Core Principles for Growth

  1. Providing Value: Fundamentally, making money requires providing value to employers or customers [00:06:11]. This pursuit inherently increases one’s usefulness and develops ancillary, generalizable skills [00:06:24]. For instance, sales skills apply across various life domains, from conversations to negotiations [00:06:33]. Many successful individuals, including millionaires and billionaires, started in high-volume sales environments, emphasizing the importance of extensive conversations and feedback loops in skill development [00:07:14].
  2. The Feedback Loop: Skill development thrives on volume and feedback loops—the number of repetitions multiplied by the amount of improvement between repetitions [00:07:56]. Critically, this means not just performing an action repeatedly, but actively reviewing performance and identifying areas for improvement [00:08:20]. Learning involves changing behavior under the same conditions based on new insights [00:20:38].

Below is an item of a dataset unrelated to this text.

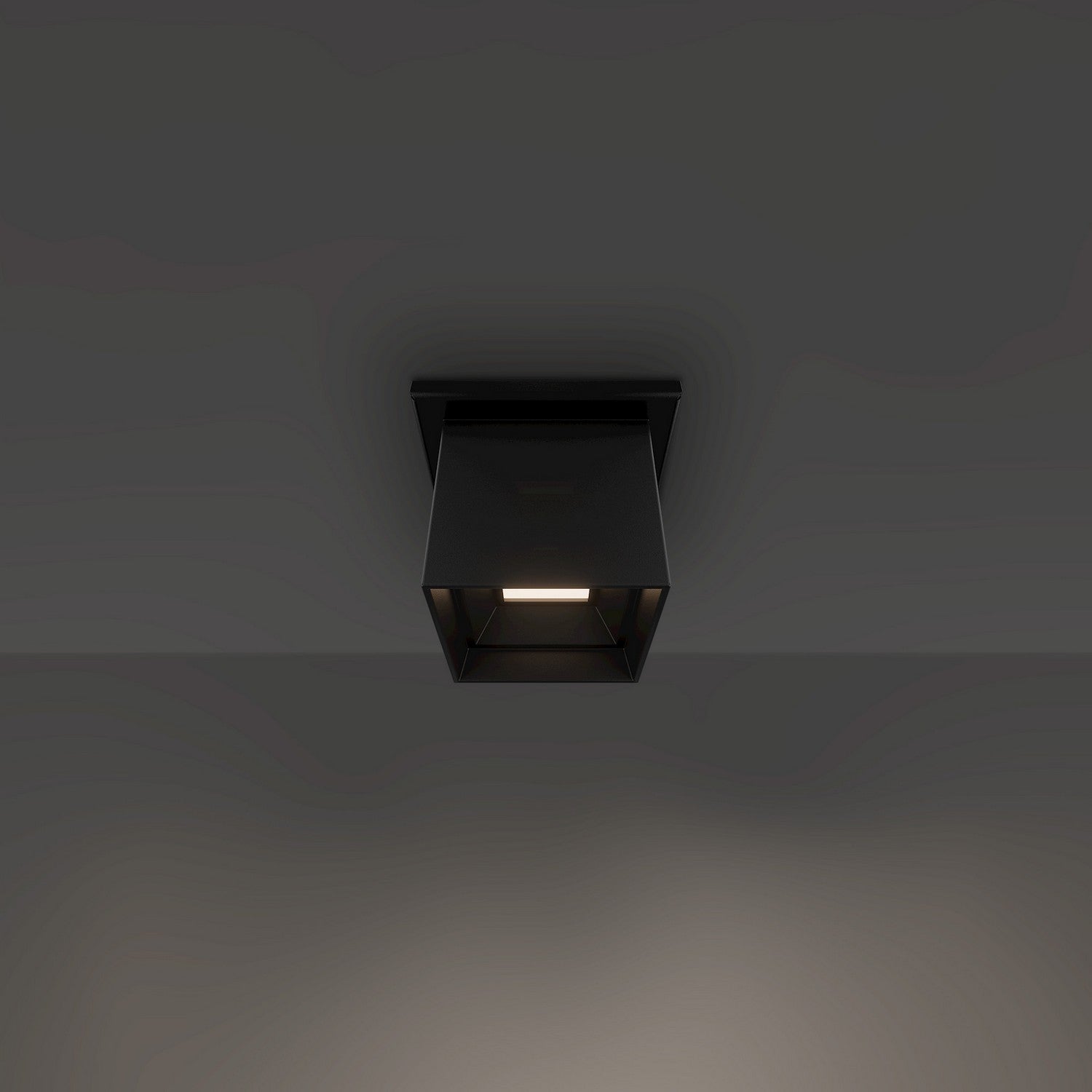 Outdoor Flush Mount DEL | Kube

  3. Self-Investment: The most crucial asset to invest in is oneself, as skills compound over time [00:23:43]. The combination of diverse skills, like sales and finance or coding and marketing, disproportionately amplifies earning potential [00:23:56].

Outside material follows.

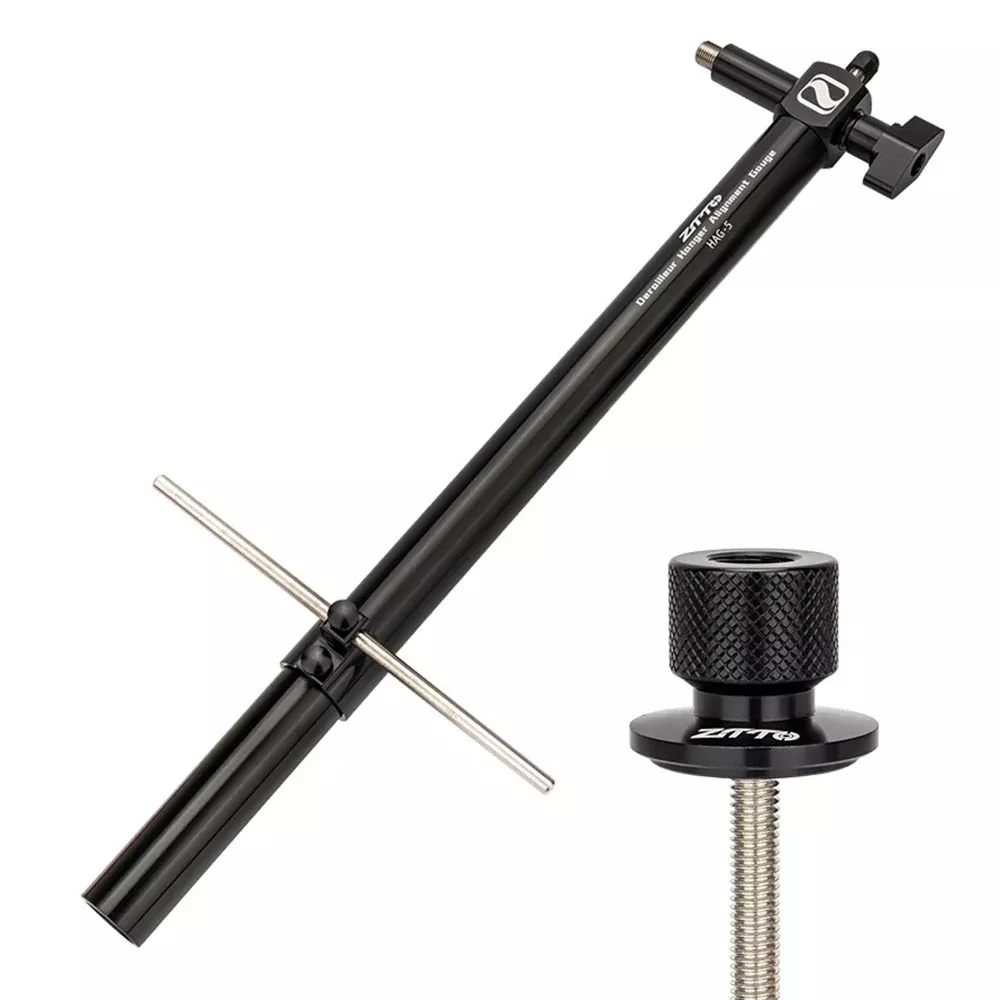 ZTTO Road Bike Derailleur Hanger Alignment Tool Handlebar Height Angle Left and Right Symmetric Adjuster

  4. Discipline and Self-Care: Maintaining physical well-being, particularly through adequate sleep, is a key component of success [00:24:34]. Avoiding self-sabotaging behaviors like excessive drinking, which costs time and affects focus, is also essential [00:27:04]. Getting in shape young, when time costs less than money, builds fundamental discipline [00:26:36].
  5. Challenging Self-Narratives: Often, perceived “demons” or “self-sabotaging” behaviors are merely a lack of skills or inexperience in behaving ideally under certain conditions [00:54:10]. Instead of attributing issues to mystical forces, frame them as skill deficiencies that can be overcome through consistent effort and learning [00:54:17]. Using a logic-evidence-utility framework can clarify problems by defining them behaviorally, seeking evidence, and assessing their impact on goals [00:59:17].
  6. The Power of Action: The world rewards action, not desire or effort [01:07:43]. Most necessary actions are already known, and procrastination often masquerades as the need for a “better plan” [01:07:31]. Starting, learning, and having the humility to begin a role not intended as an endgame are vital [01:07:42].
  7. Persistence: Success in entrepreneurship and life is often a “Last Man Standing” game, not “best man wins” [01:09:37]. The refusal to quit, even when faced with hardship, is a powerful driver [01:08:24]. Hardship should be viewed as an origin story, an opportunity to build resilience and prove capability [01:09:59].
  8. Choosing Your Circle: Your reference group—the five people you compare yourself to—significantly influences your future [00:32:24]. Goals should be prioritized over relationships that do not support growth [00:32:38]. The journey to exceptionalism is often a lonely one, requiring a willingness to be outside the “ingroup” and embrace solitude as an opportunity for focused work without distraction [00:35:56].

The ability to delay gratification is a meta-skill that overshadows all others [00:45:14]. Those who achieve great things understand that “balance” is a myth during intense periods of growth [00:50:13]. They are imbalanced, hyper-focused on a single objective that ultimately provides leverage over other life aspects [00:50:42]. This intense focus, fueled by a positive feedback loop from early successes, allows individuals to become obsessed with their pursuits [00:53:50].

Ultimately, winning requires three things: the balls to start, the brains to learn, and the heart to never quit [01:10:00]. These qualities are inherent, but must be actively utilized to achieve aspirations [01:10:00].